Klassiker-Neuauflage In "Need for Speed" geht nie die Sonne auf

Blanke Karosserien, abgesperrte Strecken: Rennspiele zelebrieren heute oft die seelenlose Ästhetik des Autokatalogs. Das neue "Need for Speed" steuert gegen: mit halbstarken Helden, illegaler Raserei - und ein paar Stars.
Von Tobias Hanraths

"Wir wollen nicht, dass uns irgendjemand sagt, was wir zu tun haben. Wir wollen frei sein und Spaß haben." Den aktuellen Trailer zu "Need for Speed" eröffnet Publisher Electronic Arts mit einem Zitat aus "Die wilden Engel", einem Trash-Klassiker, in dem Peter Fonda einen Rocker spielt. Dazu läuft "Gangsta's Paradise", und getunte Autos liefern sich Verfolgungsjagden mit der Polizei. Nach einjähriger Pause kehrt "Need for Speed" als wildromantische Raserfantasie auf die Xbox One und die Playstation 4 zurück.
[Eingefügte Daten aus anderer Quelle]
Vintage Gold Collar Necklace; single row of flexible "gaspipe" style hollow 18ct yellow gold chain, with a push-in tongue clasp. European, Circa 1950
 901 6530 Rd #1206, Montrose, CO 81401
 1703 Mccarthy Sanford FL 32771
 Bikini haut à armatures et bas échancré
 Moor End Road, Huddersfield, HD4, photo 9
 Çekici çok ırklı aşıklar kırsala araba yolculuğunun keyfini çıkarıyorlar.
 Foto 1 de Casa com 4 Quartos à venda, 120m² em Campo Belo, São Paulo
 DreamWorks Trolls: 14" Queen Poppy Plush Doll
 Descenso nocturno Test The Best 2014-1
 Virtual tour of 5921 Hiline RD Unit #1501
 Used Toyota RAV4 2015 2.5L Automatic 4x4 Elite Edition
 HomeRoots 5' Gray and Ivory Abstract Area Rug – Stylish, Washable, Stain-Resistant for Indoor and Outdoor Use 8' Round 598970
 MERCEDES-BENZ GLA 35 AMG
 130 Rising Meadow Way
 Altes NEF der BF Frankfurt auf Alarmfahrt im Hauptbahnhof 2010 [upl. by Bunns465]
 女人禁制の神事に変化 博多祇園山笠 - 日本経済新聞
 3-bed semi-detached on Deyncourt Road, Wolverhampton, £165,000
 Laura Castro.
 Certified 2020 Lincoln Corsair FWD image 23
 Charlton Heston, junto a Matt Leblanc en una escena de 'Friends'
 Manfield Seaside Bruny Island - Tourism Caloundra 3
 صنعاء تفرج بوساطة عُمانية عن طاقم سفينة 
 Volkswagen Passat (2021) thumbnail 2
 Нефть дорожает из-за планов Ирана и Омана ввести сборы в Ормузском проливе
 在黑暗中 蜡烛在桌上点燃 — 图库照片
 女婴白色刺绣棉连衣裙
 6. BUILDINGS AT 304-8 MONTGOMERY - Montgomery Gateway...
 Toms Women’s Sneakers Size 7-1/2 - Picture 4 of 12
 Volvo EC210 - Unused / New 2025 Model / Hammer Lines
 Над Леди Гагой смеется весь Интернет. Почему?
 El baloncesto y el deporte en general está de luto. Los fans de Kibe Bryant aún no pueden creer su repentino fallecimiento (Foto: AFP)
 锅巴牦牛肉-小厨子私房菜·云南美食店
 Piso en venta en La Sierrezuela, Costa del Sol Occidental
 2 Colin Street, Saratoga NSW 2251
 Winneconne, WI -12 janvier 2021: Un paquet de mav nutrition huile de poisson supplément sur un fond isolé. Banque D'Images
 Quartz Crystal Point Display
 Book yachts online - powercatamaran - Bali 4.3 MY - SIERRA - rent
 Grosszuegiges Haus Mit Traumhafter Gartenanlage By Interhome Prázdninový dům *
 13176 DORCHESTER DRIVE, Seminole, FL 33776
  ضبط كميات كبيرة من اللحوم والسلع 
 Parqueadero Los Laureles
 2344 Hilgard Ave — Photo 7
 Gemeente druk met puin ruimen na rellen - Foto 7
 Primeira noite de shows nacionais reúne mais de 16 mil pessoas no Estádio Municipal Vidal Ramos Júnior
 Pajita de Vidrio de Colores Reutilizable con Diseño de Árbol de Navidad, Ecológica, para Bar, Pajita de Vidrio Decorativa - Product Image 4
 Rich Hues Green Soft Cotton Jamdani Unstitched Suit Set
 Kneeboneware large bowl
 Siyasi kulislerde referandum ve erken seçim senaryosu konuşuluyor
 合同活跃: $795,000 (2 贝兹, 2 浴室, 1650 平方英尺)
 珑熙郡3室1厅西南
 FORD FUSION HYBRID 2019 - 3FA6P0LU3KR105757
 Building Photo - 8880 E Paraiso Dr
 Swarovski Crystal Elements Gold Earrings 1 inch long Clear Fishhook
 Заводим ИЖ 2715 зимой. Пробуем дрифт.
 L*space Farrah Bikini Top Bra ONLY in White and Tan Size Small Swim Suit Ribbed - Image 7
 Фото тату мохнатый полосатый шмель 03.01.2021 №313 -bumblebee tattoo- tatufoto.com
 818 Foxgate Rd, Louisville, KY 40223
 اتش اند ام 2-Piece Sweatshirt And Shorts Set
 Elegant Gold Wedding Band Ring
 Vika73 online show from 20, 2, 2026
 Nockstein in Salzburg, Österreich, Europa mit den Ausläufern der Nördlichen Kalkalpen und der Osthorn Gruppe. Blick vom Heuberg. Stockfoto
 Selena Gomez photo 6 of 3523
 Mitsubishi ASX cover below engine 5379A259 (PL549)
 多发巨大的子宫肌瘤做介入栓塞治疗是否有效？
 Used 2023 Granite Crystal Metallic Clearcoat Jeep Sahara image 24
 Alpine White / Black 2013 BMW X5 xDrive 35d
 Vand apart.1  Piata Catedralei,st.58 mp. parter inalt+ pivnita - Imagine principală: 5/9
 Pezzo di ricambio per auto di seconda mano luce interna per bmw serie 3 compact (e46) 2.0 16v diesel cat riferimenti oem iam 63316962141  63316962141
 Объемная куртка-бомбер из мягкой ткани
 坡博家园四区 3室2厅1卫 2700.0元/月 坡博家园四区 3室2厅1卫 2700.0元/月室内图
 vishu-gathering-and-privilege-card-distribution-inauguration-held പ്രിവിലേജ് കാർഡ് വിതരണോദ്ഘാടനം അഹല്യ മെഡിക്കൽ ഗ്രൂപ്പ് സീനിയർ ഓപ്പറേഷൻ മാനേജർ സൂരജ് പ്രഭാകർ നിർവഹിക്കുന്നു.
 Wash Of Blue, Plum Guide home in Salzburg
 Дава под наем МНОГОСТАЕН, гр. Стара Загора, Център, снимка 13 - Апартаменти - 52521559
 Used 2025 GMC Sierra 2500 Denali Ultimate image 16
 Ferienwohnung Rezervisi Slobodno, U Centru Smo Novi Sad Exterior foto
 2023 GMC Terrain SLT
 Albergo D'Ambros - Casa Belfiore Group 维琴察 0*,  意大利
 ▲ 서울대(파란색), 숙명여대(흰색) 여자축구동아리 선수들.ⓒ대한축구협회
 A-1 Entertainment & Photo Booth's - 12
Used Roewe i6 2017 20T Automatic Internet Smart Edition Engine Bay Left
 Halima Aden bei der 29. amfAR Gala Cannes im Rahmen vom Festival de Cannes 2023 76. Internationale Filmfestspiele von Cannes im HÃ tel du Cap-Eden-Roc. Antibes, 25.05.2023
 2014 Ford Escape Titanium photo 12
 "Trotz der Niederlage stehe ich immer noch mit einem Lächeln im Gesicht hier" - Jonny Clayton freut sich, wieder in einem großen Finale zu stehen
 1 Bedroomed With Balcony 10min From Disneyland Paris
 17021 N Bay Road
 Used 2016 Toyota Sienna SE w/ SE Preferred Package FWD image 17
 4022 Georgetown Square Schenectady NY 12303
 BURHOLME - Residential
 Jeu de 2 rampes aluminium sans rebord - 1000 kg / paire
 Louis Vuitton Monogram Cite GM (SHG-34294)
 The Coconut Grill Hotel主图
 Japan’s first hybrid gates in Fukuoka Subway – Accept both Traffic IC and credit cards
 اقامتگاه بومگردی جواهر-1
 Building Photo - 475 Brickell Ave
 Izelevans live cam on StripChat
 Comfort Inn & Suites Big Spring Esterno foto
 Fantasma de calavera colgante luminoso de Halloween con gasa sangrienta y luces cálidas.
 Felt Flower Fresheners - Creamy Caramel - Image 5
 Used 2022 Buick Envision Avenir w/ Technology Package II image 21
Dabei geht der Trend auf dem Markt für Rennspiele gerade genau in die andere Richtung: Die große Zeit bunter Arcade-Racer wie "Burnout", die Spielspaß vor Realismus stellen, ist vorbei. Stattdessen regieren von "Forza Motorsport" bis "Driveclub" Rennspiele mit Autokatalog-Ästhetik. Millionenteure Sportwagen sind hier anbetungswürdige Wunder der Technik, keine Spielzeuge für Anarcho-Abenteurer.

Um sich davon abzusetzen, hat der schwedische Entwickler Ghost Games für das neue "Need for Speed" einige mutige Entscheidungen getroffen: Anders als bei der Konkurrenz gibt es hier eine Story, die das Spiel wieder einmal in Videosequenzen mit Schauspielern erzählt. Für mehr Glaubwürdigkeit spielen darin sogar echte Tuning- und Motorsport-Stars wie Gymkhana-Pilot Ken Block mit. Und für die richtige Untergrundstimmung geht in "Need for Speed" nie die Sonne auf: In der Spielwelt ist immer Nacht.

Das Grundgerüst stimmt: Das neue "Need for Speed" sieht mit funkelnder Leuchtreklame und stets regennassen Straßen fantastisch aus, dazu gibt es einen gut zusammengestellten Soundtrack mit aktueller Popmusik. All das ist erfreulich konsequent, umso tragischer erscheint es, dass Ghost Games bei der Umsetzung an ein paar wichtigen Stellen scheitert.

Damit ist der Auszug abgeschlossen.